Он не привык, чтоб его как-то любили. Выросший в скудном месте, в нищете, без отца, с ежедневными истериками измученной матери: “На что жить?”, он и не ждал от этого мира сочувствия, да и сам не собирался жертвовать ради кого-то своими силами. Его порой мучила совесть, что и мать свою он не любит. С трудом скрывая раздражение, он старался промолчать и не поддерживал скандала, когда она, например, упрекала его, что вот, мол, истратил всю стипендию на пластинки, а есть нечего. Он никогда не думал о еде и не хотел есть.

Он не видел врожденного благообразия матери и воспринимал ее существование рядом с собой как неизбежную данность. Ну вот, мечется такое существо, ругается. А когда у нее однажды нарывал палец и боль была невыносима, он сказал жестко: “Ты можешь не стонать?” Обреченный жить с матерью в одиннадцатиметровой комнате коммунального дома, он считал, что она не должна вмешиваться в его жизнь, и не выносил поучений.

И материнскую судьбу с клеймом дочери врага народа и жены врага народа он не хотел впускать в свою душу. Он не считал такие чувства эгоизмом, потому что к себе был еще более равнодушен, чем к остальному человечеству.

Он научился такому равнодушию давно, впервые осознав необходимость без жалоб терпеть боль еще в детстве. Он помнил, как его били малыши чуть ли не всем детским садом, жестоко. Так, что повредили носовую перегородку, и, дожив до поры, когда стали проявляться вторичные мужские признаки, он замечал, что возле искривленной ноздри, которая после той драки почти не дышала, щетина хуже растет, чем на другой стороне лица. Две-три дружеских связи за целую жизнь держались на добровольном его подчинении людям, которых безоговорочно он признавал выше себя: учителя в студии живописи, иногда приглашавшего его к себе в холостяцкое жилье посмотреть альбомы с репродукциями, а позднее, в болезни, просившего приносить из аптеки лекарства, да сверстников, которым он невысказанно завидовал ( у них были отцы!), тех, в ком угадывал он умственное превосходство над остальными одноклассниками.
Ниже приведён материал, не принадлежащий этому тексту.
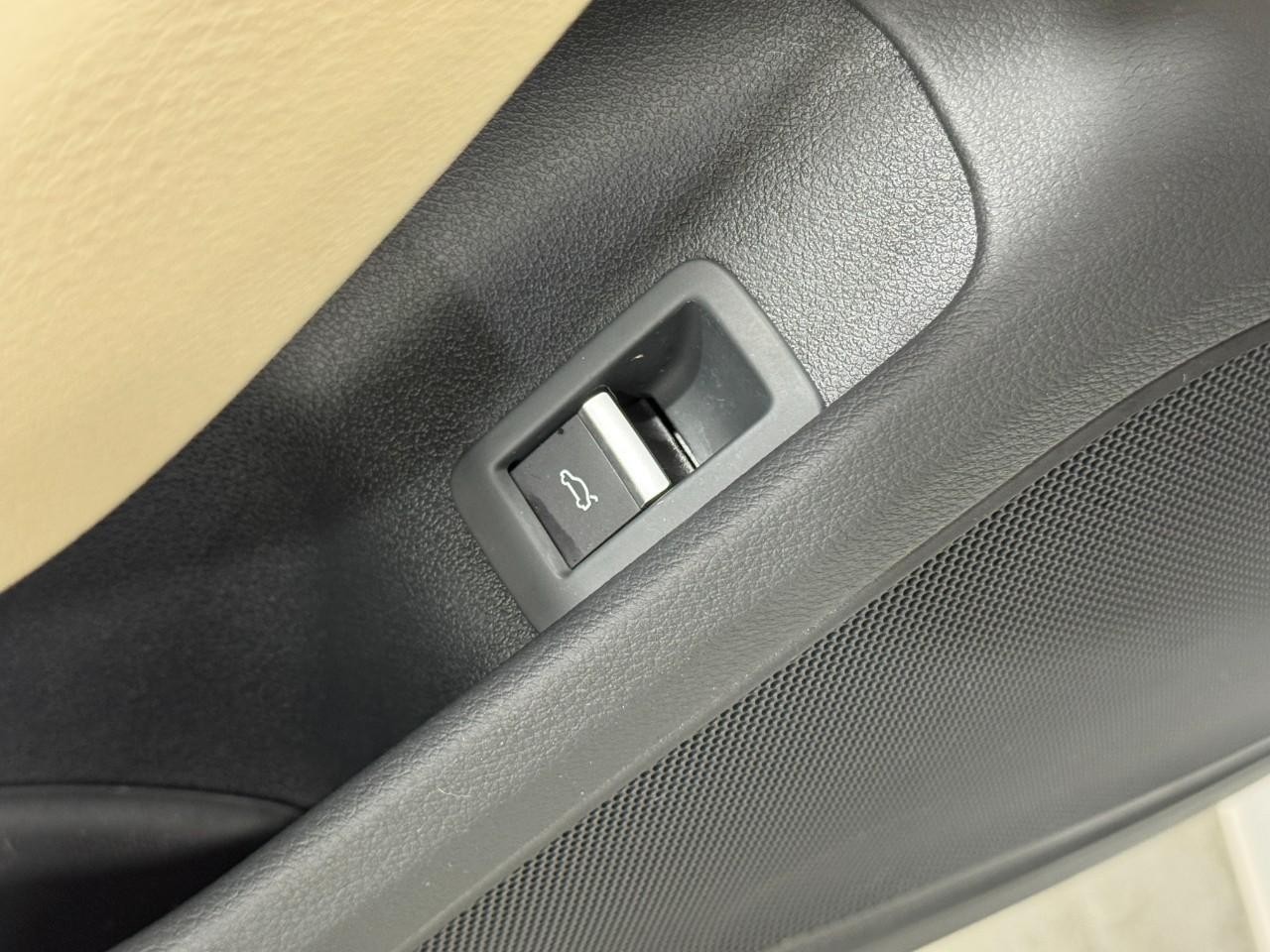 Audi A4 Vehicle Full-screen Gallery Image 26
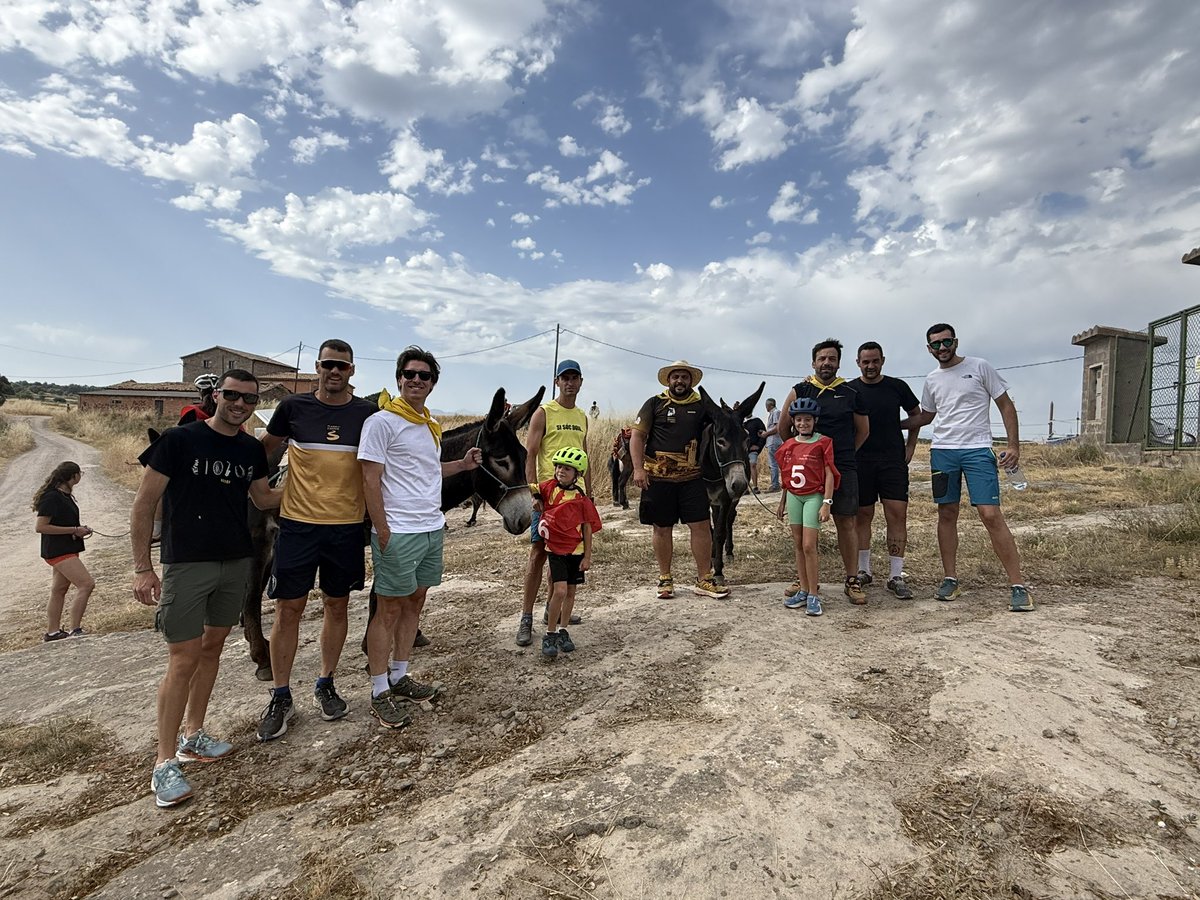 I amb les populars i tradicionals Curses dels Elois a Sant Sebastià tanquem les Festes de #SantJoanielsElois2025. Gràcies a tothom que ho fa possible! ✊🫶  #PratsdeLluçanès #viscaelpoble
Вообще же он не хотел ни с кем контакта и от неинтереса к ровесникам, и от нежелания возмутить своим прикосновением чей-то мир, чужой ему не волею людей, а объективно, по некоему закону.

Он и в школе отличался особой замкнутостью и болезненной застенчивостью, которые стопорили его речь. В десятом классе на уроках он держал в ладони твердую пластмассовую расческу, и когда учительница математики, всегда его задиравшая и старавшаяся подчеркнуть, что он тугодум, приближалась к его парте, он сжимал кулак, перетерпливая боль вонзавшихся зубьев, и сдерживал желание даже не ударить, мало! — убить, просто убить, не конкретизируя, каким образом, так что гневно надувалась жила над глазом.

Ему порой приходило в голову: что его связывает с этой девочкой, которую из боязни одиночества он увел из родительского дома? Со слабым этим созданием, испорченным кинокартинами, чтением Хемингуэя (сам он не мог его читать) и популярных брошюр о Фрейде, существом с птичьей повадкой, тягой к теплу (спрятаться, угреться!), с любовью к темноте и покою, когда она закрывалась с головой одеялом, съеживалась в клубок, уткнув лицо ему в живот и принимая некрасивую позу человеческого зародыша из школьного учебника биологии…

Она любила лизаться, невольно копировала фильмовые любовные сцены, говорила с придыханием, закатывая глаза, стонала и ахала, много разглагольствовала о любви, и это представлялось ему литературщиной и фальшью. Она вечно подозревала его в скрытности, сама себе придумывала всевозможные фантастические унижения, якобы исходившие от него. До истерики. И не будь всего этого, он больше бы верил в ее любовь. Иногда он говорил себе даже, что не любит, уж совсем никчемна эта балаболка, но надежда вскипала иногда: как хорошо будет, когда я полюблю ее.